On June 26, 2017, pursuant to the CSA, Flatiron commenced an arbitration against CNRL alone, seeking its full losses associated with the failures (the Arbitration). Because the defendants in the Court Action were not parties to the CSA, they were not parties to the Arbitration.

The result was a multiplicity of proceedings—the Court Action and the Arbitration dealt with the same factual issues and the same losses. But how to resolve it? It is well known that pursuant to the stay provision in domestic arbitration legislation Courts have the jurisdiction to stay litigation in favour of arbitration. But in certain circumstances can the Court do the opposite, and stay an arbitration in favour of litigation?

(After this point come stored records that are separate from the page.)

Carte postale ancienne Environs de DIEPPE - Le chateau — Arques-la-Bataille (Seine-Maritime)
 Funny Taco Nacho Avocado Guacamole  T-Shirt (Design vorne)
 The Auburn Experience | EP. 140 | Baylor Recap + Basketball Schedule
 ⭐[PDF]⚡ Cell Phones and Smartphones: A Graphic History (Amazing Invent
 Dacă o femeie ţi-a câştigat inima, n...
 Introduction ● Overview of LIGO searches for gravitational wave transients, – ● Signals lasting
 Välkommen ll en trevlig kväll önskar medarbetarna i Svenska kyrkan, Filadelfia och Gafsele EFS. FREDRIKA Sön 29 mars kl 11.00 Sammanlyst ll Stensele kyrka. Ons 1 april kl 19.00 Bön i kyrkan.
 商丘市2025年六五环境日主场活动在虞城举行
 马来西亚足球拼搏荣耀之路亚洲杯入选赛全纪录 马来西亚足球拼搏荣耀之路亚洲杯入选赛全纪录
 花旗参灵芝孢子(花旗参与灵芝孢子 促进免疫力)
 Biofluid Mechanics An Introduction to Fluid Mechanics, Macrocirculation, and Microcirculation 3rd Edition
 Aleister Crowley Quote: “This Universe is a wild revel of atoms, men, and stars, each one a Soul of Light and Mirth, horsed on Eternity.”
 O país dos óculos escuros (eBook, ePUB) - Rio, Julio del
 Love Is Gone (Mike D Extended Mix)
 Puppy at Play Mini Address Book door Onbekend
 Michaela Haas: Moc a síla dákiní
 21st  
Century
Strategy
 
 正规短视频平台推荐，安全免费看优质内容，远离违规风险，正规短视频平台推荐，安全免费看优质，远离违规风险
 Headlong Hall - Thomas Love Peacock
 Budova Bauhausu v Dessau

CNRL thought so. It filed an application in the Alberta Court of Queen's Bench to stay the Arbitration pending a final determination of the Court Action. It argued that the Arbitration was duplicative of the Court Action because both dealt with the same issues and arose out of the same facts. It also asserted that permitting both the Arbitration and Court Action to proceed posed a risk of inconsistent findings and was likely to result in a waste of resources given that the parties would be required to try the same case twice. CNRL also viewed the Arbitration process as unworkable to determine the cause of the failure because not all of the potentially culpable parties, the defendants in the Court Action, were parties to the Arbitration or would be bound by an arbitrator's decision. Instead, CNRL asserted that the Court Action, in which all of the potentially culpable parties were involved, should proceed first.